[Extracted records]
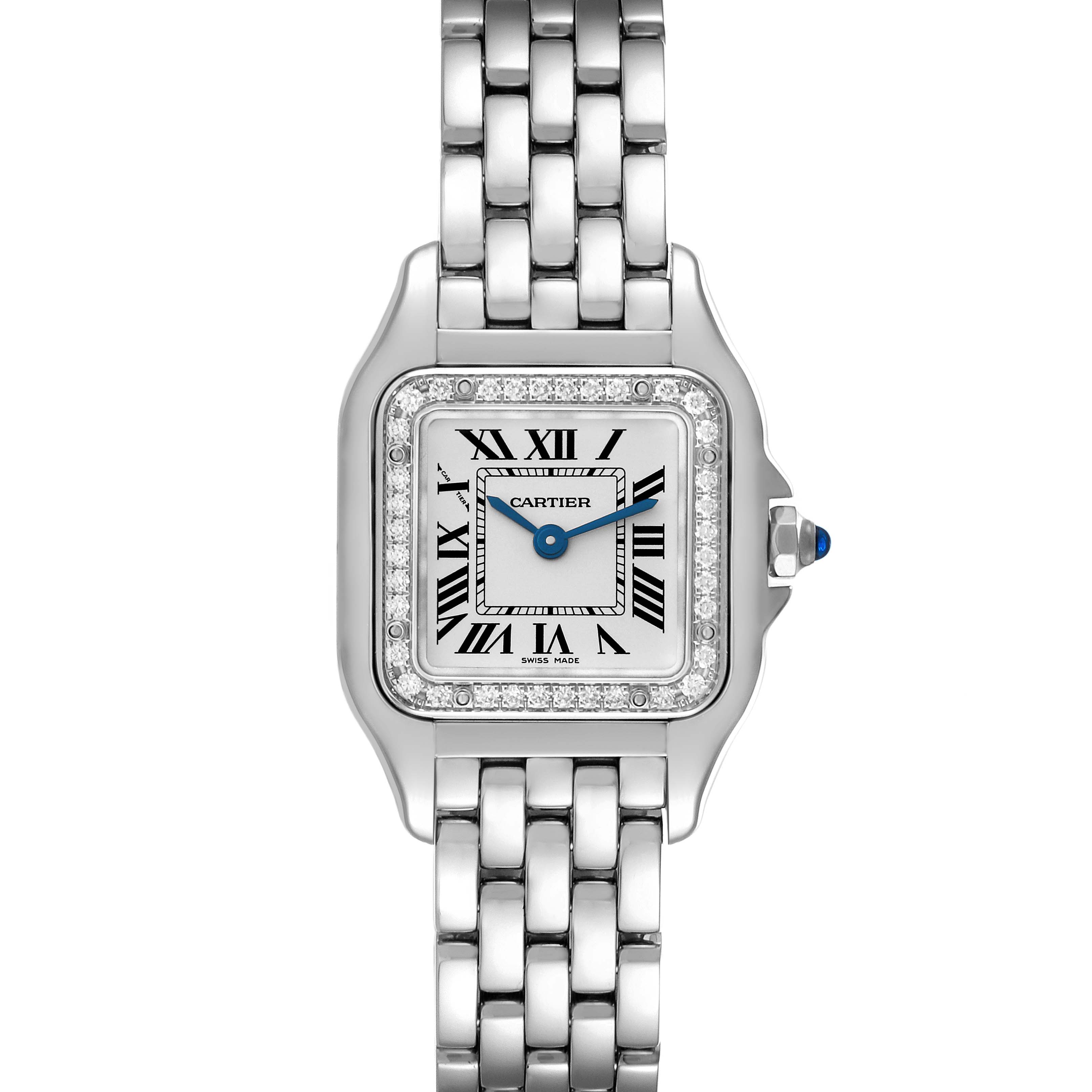 This image shows a full frontal view of a Cartier Panthère watch, displaying the face, bezel, and bracelet.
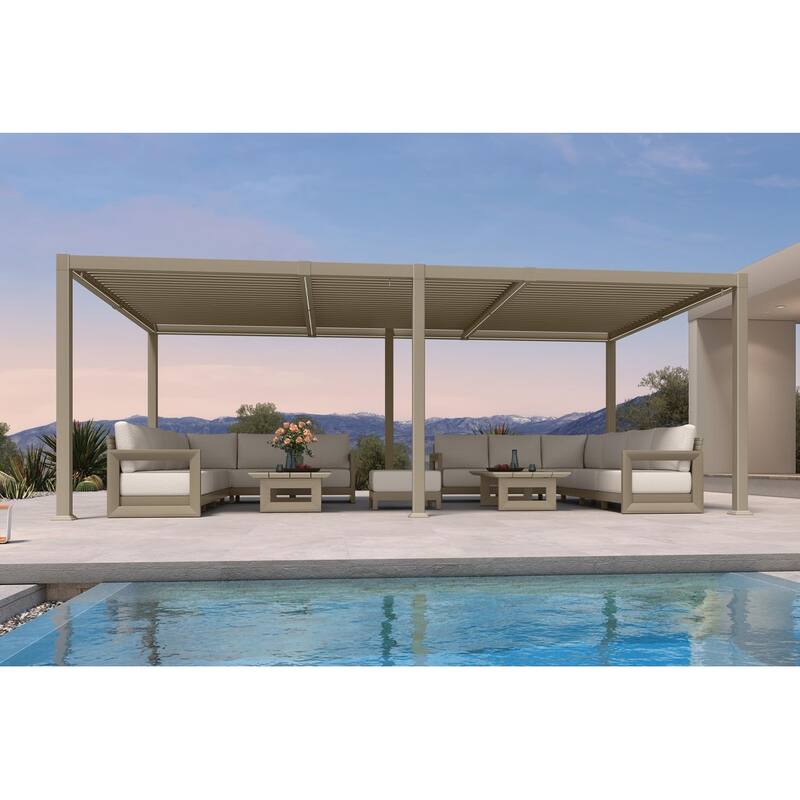 PURPLE LEAF Solar Louvered Pergola with LED String Lights Aluminum Outdoor Pergola with Adjustable Roof for Patio Garden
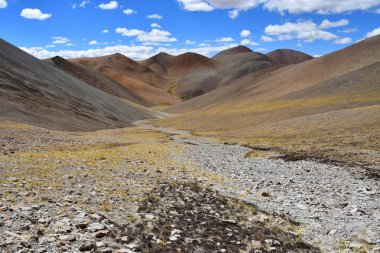 Tibet, yaz manzara fazla 5000 metre yükseklikte. Yolda IND Nehri'nin kaynağına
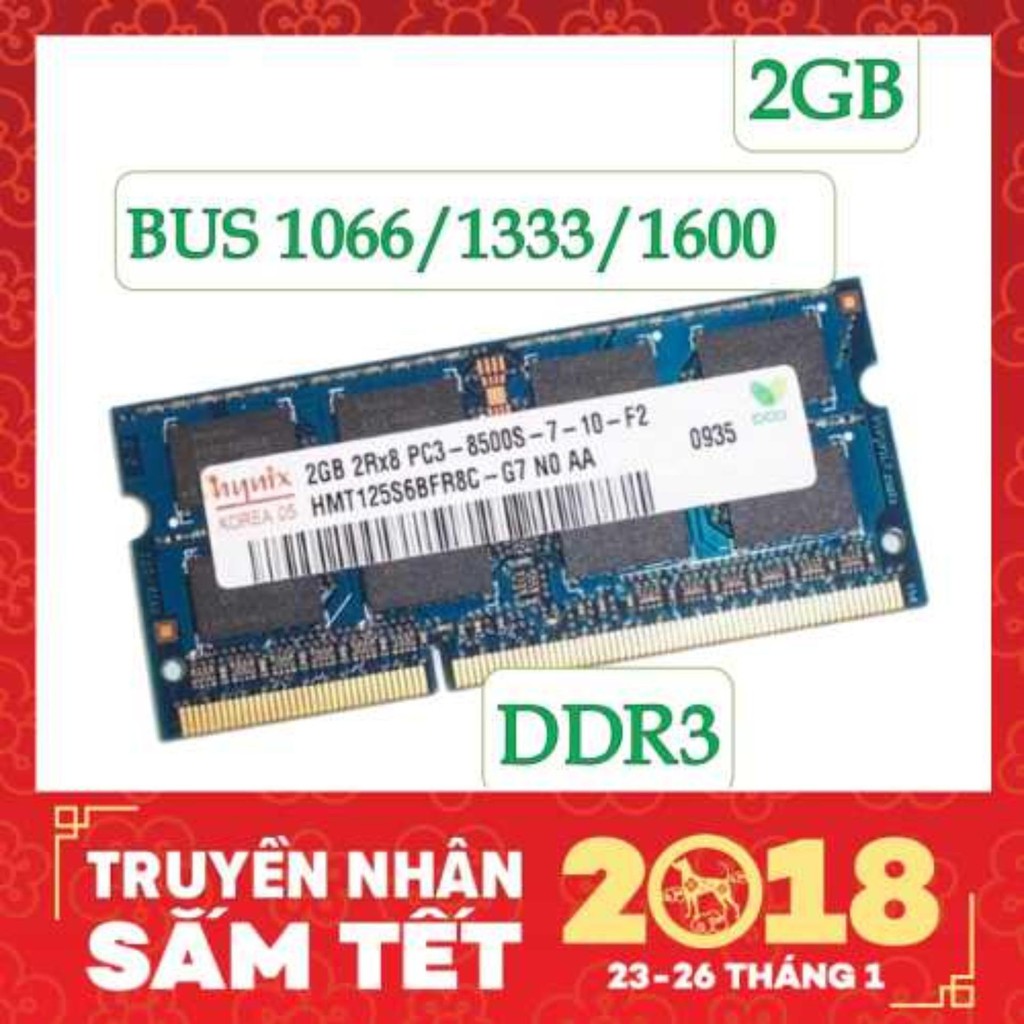 Ram Laptop DDR3 2GB PC3 8500S (Bus 1333) (2GHz) - Hàng nhập khẩu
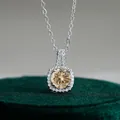 S925 sterling silver necklace featuring a champagne moissanite pendant with halo diamonds - Original Yellow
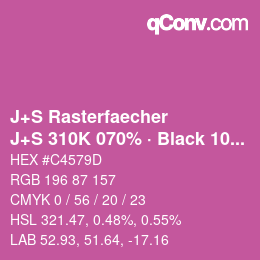 Code couleur: J+S Rasterfaecher - J+S 310K 070% · Black 10% | qconv.com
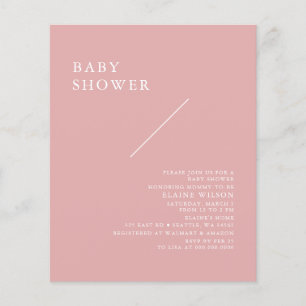 Budget Simple Rose Moderne Baby shower Invitation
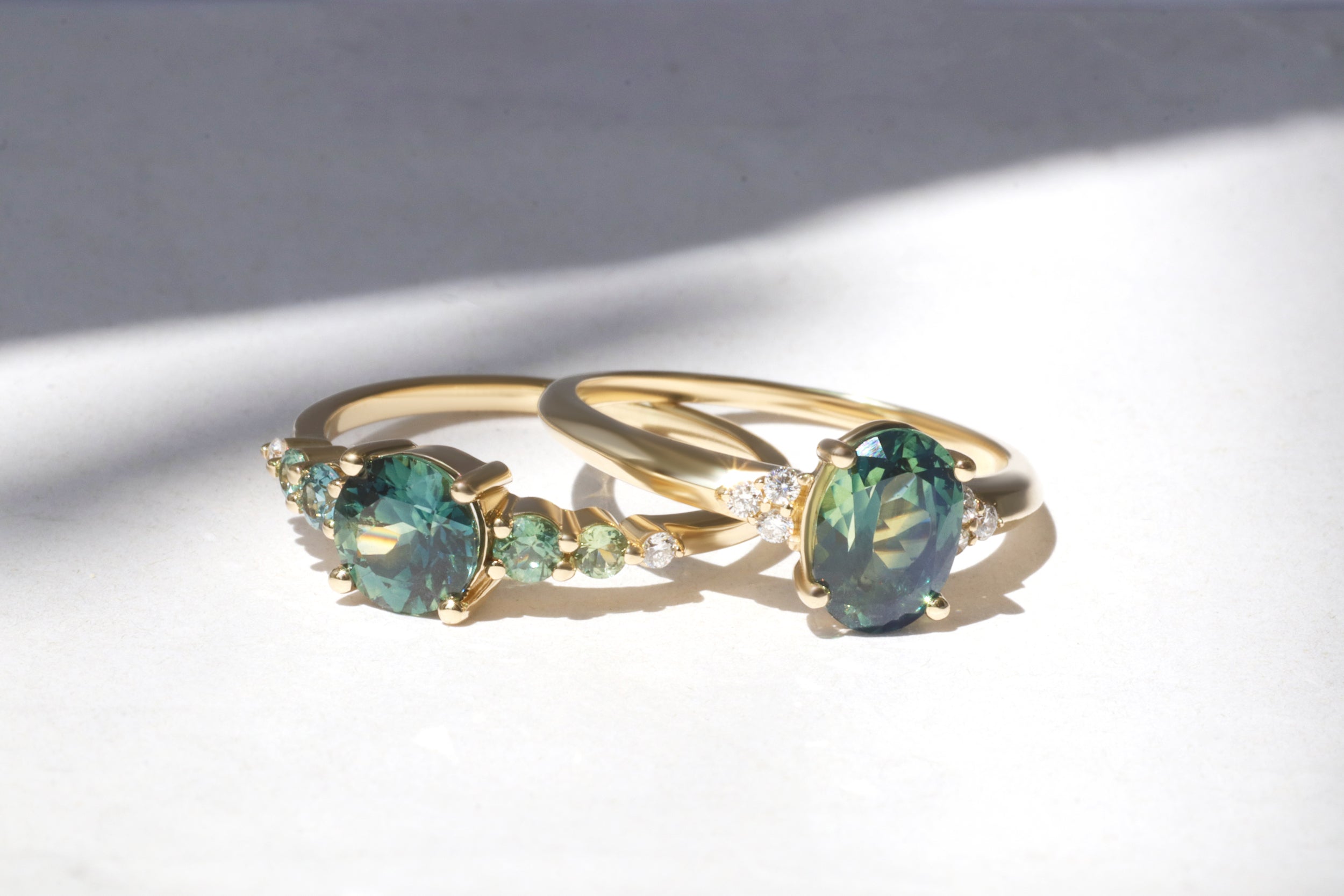 Poppy Sapphire Gradient Ring - Elegant Blue to Purple Ombre Jewelry for Women, Perfect for Weddings, Parties & Everyday Wear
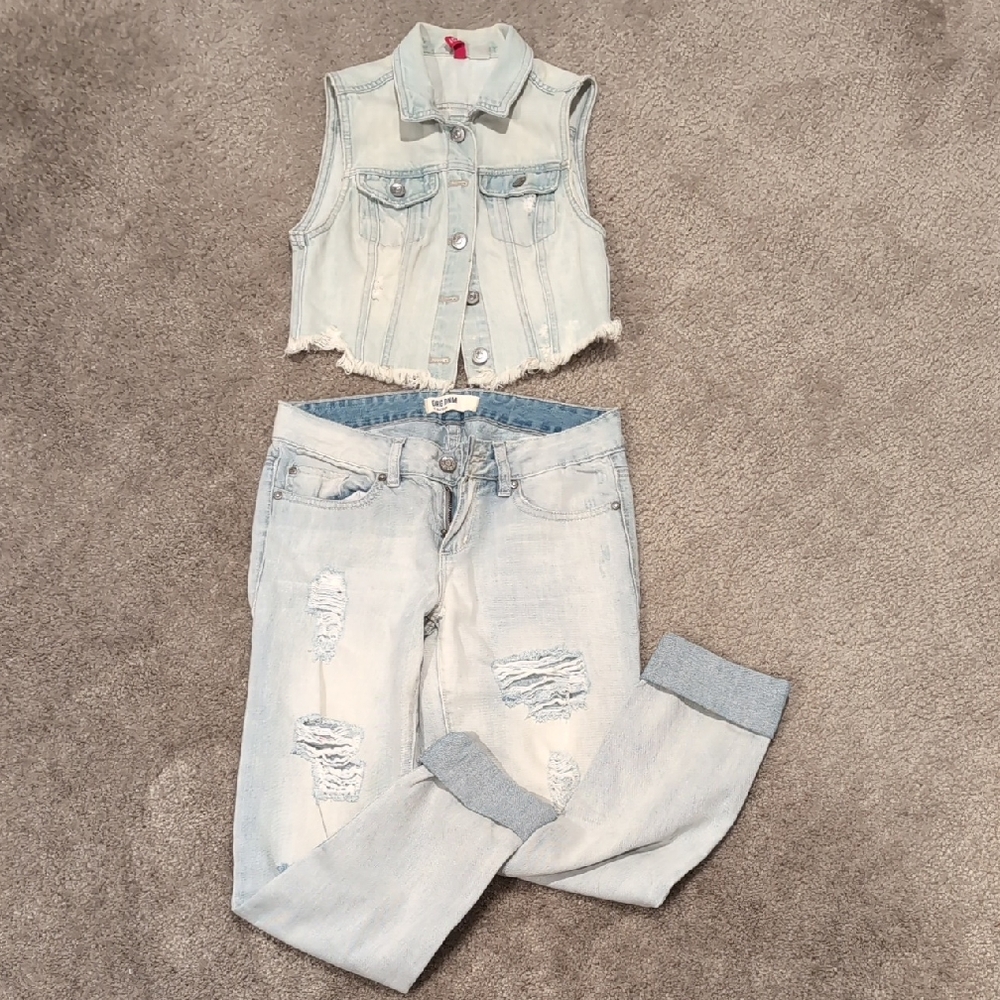 Set Of  Light Blue Denim For Women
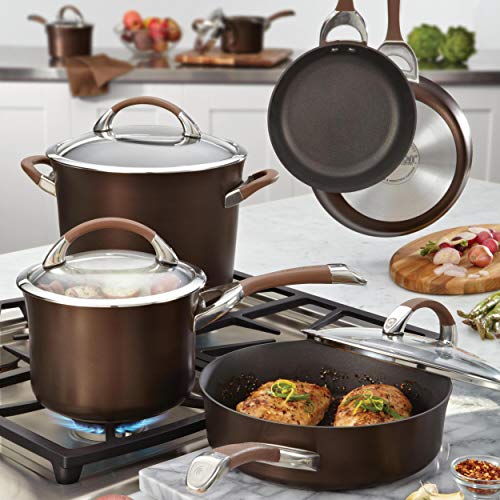 Symmetry Non Stick Pots and Pans Set (11 Piece Set / Chocolate)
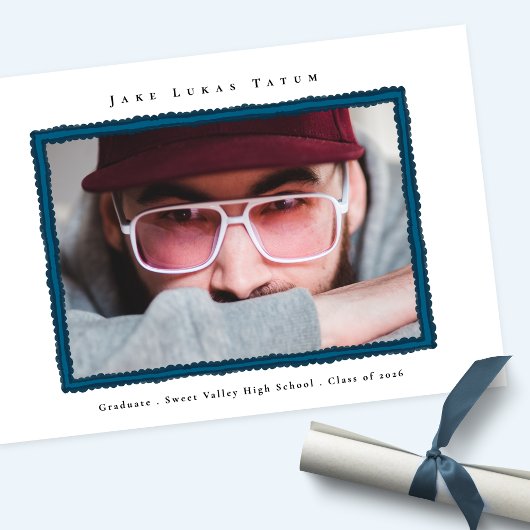 Faire-part Retro Photo Blue Frame Graduation High School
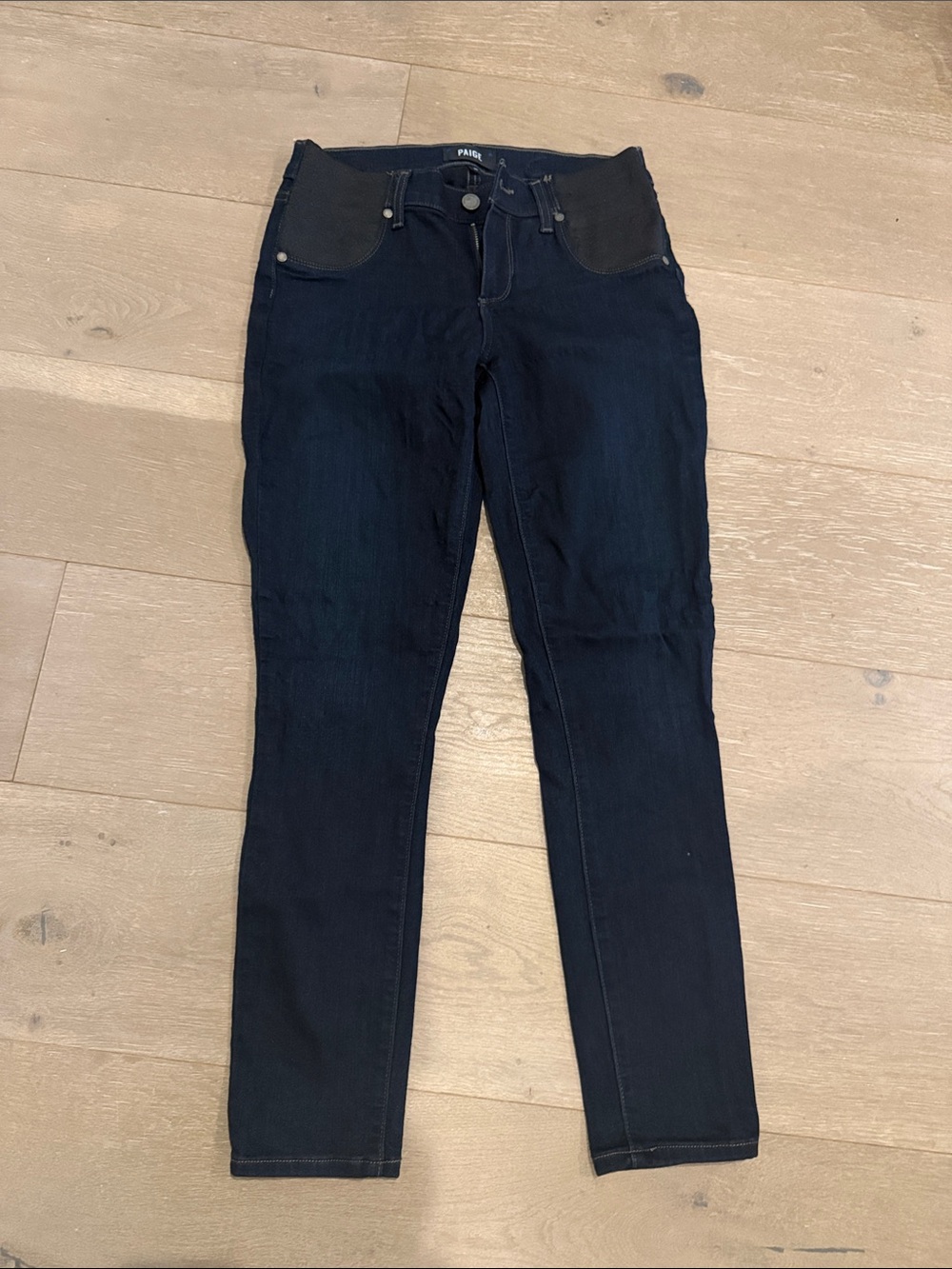 PAIGE Black Skinny Maternity Jeans with Elastic Waist Panels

Exercise requirements:
Both the line containing "Tibet, yaz manzara" and the line containing "S925 sterling silver" above belong in the output, as do the lines between them. Print them exactly, without pictures.

Reply:
 Tibet, yaz manzara fazla 5000 metre yükseklikte. Yolda IND Nehri'nin kaynağına
 Ram Laptop DDR3 2GB PC3 8500S (Bus 1333) (2GHz) - Hàng nhập khẩu
 S925 sterling silver necklace featuring a champagne moissanite pendant with halo diamonds - Original Yellow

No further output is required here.